# Gun stock plans?



## wpage (May 26, 2011)

Looking to make a stock for my 870 Rem shotgun...

Any suggestions?:cray:


----------



## Cherryville Chuck (Sep 28, 2010)

wpage said:


> Looking to make a stock for my 870 Rem shotgun...
> 
> Any suggestions?:cray:


What exactly do you need help with?


----------



## Ralph Barker (Dec 15, 2008)

wpage said:


> Looking to make a stock for my 870 Rem shotgun...
> 
> Any suggestions?:cray:


I've never made a gun stock, but I suppose I'd start by using the original to make a template of the basic outline shape. Then, it's a simple matter of removing the wood that isn't supposed to be there. 

Seriously, I'd talk to a custom gun maker for some pointers. I would think the key issues would be maintaining axial alignment (i.e. keeping the centerline aligned behind the gun), along with the intricacies of the precision fit to the gun surface.
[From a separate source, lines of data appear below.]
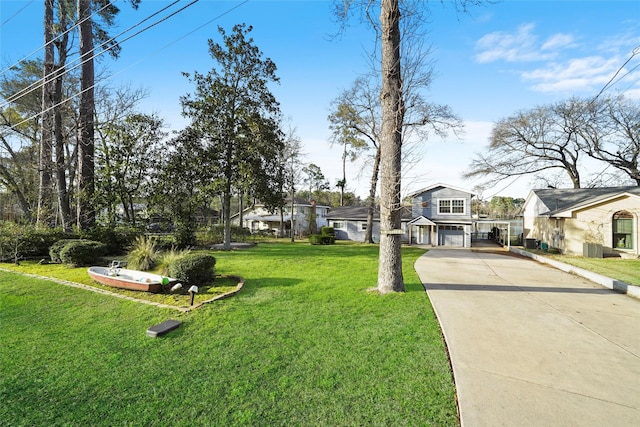 13318 Southshore Dr, Conroe, TX 77304 - view of grassy yard with driveway, a carport, and a residential view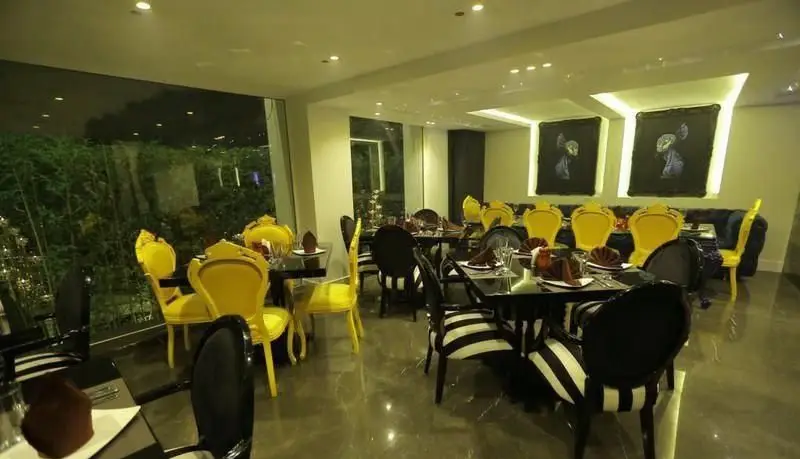 دکوراسیون داخلی شبانه کافی شاپ رینا با میز و صندلی‌های شیک زرد، مشکی و راه‌راه، فضایی لوکس و مدرن با نورپردازی دلنشین.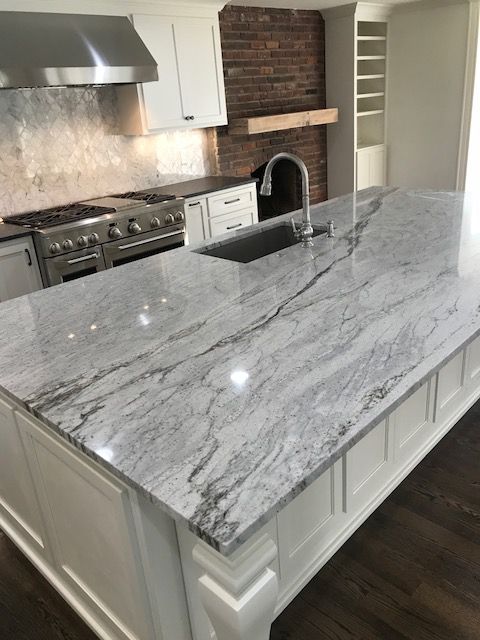 a large kitchen with an island in the middle and white cabinets on both sides, along with stainless steel appliances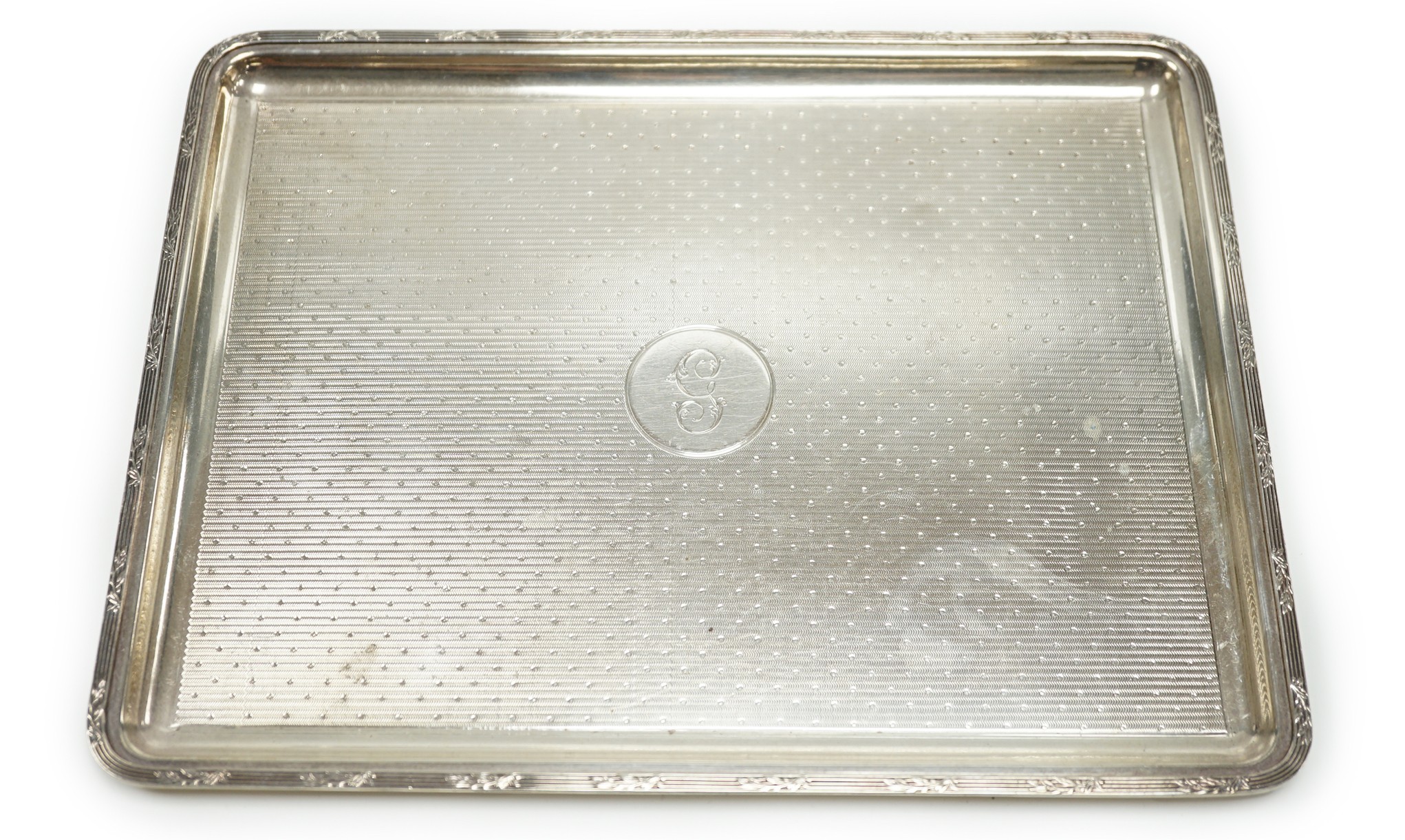 A George V engine turned silver dressing table tray, by Mappin & Webb, London 1915, 27.5cm, 15.3oz.                                                                                                                         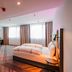 Premier Inn Karlsruhe City Am Wasserturm room with bed, armchair and large windows in Karlsruhe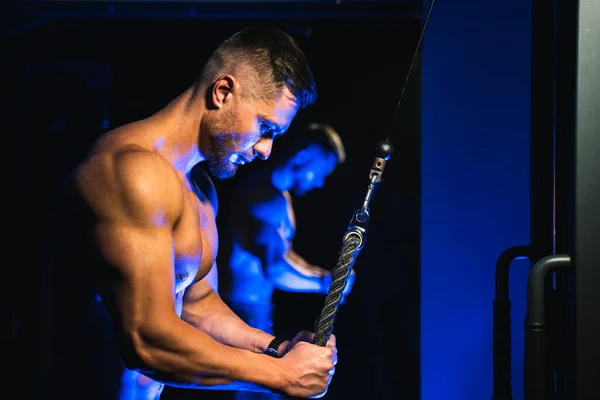 Handsome brutal sexy strong bodybuilder athletic fitness man pumping up muscles and doing workout with trx. Bodybuilding concept. Black and blue light background. View from the side closeup. — Stockfoto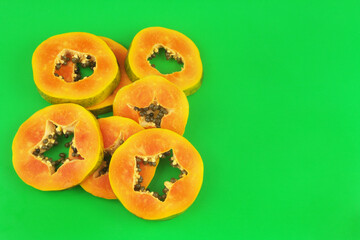 Sliced papaya fruit on green background with copy space for text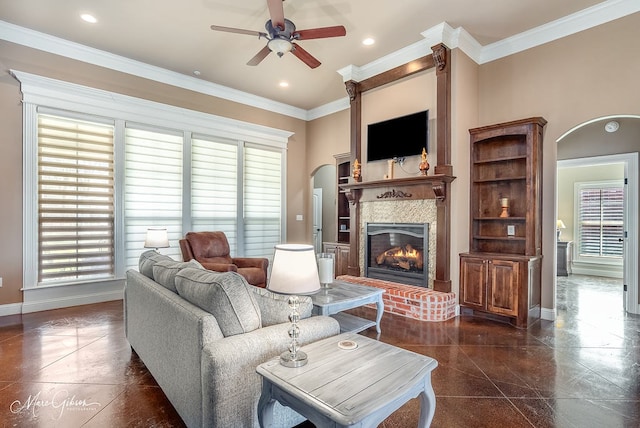 living room with baseboards, recessed lighting, a fireplace, ceiling fan, and crown molding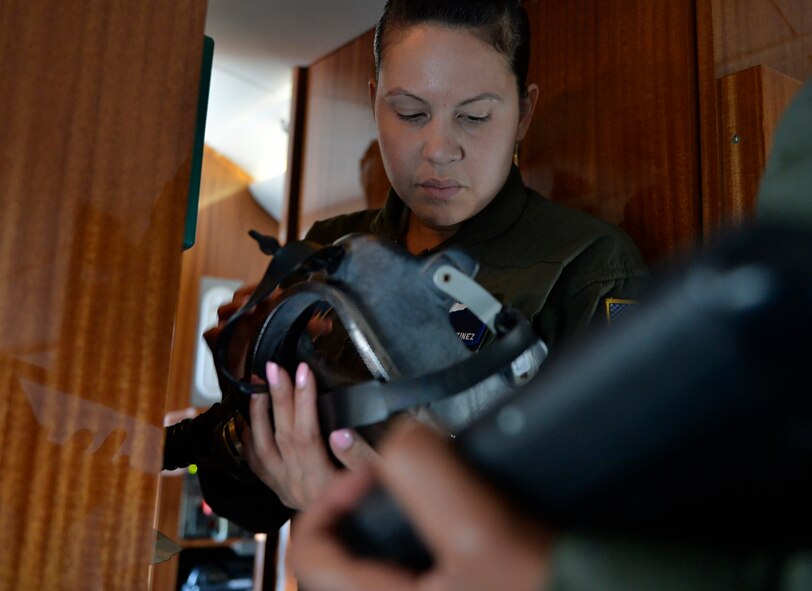 Staff Sgt. Ashleen Martinez, 76th Airlift Squadron flight attendant, reviews an oxygen mask upon departing Ramstein Air Base, Germany, July 12, 2016. Flight Attendants are trained in emergency procedures for their respective aircrafts and ensure all equipment is serviceable prior to every flight. (U.S. Air Force photo/ Senior Airman Nesha Humes)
The forestock on the 870 strikes me as more of a challenge than the buttstock. 

Since this is a router forum, I suppose it's obligatory to suggest the consideration of a "router duplicator" for some of the work.


----------



## wpage (May 26, 2011)

Thanks for the feedback...

Going to trace it out and start making sawdust. Just the buttstock!


----------



## sourdough (Jan 31, 2010)

wpage said:


> Thanks for the feedback...
> 
> Going to trace it out and start making sawdust. Just the buttstock!


Pay close attention to the direction of grain in the wood. How old/stable is the "blank" you are starting with? It is important the wood is well dried and stable or it will fail at the worst time in the worst place.
Generally speaking, gun stock making is a precision thing that requires serious understanding of the wood you are using and the dynamics of that wood.
But have fun.


----------